■ Problem
Copy each line of the entries beneath that contains the word "Foto".

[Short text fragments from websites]
========================================
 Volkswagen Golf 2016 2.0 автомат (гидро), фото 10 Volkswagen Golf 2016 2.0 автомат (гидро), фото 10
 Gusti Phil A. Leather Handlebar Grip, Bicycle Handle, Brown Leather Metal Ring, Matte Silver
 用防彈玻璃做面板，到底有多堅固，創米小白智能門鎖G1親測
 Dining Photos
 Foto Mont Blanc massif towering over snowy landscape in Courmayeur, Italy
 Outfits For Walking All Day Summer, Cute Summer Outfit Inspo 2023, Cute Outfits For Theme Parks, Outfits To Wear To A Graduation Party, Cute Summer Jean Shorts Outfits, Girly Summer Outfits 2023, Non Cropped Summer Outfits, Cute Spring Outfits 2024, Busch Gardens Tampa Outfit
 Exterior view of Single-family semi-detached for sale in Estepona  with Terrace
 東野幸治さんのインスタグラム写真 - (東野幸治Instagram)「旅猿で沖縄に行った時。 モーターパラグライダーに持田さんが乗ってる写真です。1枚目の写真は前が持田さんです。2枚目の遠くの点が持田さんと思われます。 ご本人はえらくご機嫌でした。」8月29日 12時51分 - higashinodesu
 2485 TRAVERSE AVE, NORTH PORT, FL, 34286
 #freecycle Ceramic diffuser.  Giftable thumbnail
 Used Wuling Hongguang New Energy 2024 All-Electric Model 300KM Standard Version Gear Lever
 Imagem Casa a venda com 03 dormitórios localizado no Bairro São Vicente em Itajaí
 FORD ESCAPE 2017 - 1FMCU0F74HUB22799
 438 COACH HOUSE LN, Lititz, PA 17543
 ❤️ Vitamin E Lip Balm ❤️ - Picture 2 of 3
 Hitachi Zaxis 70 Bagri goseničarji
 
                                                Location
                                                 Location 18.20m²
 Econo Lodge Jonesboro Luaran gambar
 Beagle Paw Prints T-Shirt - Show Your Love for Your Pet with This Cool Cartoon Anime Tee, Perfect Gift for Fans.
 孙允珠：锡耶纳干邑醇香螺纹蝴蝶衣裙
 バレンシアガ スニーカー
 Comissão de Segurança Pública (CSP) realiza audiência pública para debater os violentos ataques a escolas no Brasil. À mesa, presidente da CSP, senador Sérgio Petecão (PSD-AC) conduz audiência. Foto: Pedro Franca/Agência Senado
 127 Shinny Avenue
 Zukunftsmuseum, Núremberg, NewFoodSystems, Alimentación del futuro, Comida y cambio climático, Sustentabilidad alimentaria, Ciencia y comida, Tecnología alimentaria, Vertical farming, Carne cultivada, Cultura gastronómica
========================================
■ Result of this task
 Foto Mont Blanc massif towering over snowy landscape in Courmayeur, Italy
 Comissão de Segurança Pública (CSP) realiza audiência pública para debater os violentos ataques a escolas no Brasil. À mesa, presidente da CSP, senador Sérgio Petecão (PSD-AC) conduz audiência. Foto: Pedro Franca/Agência Senado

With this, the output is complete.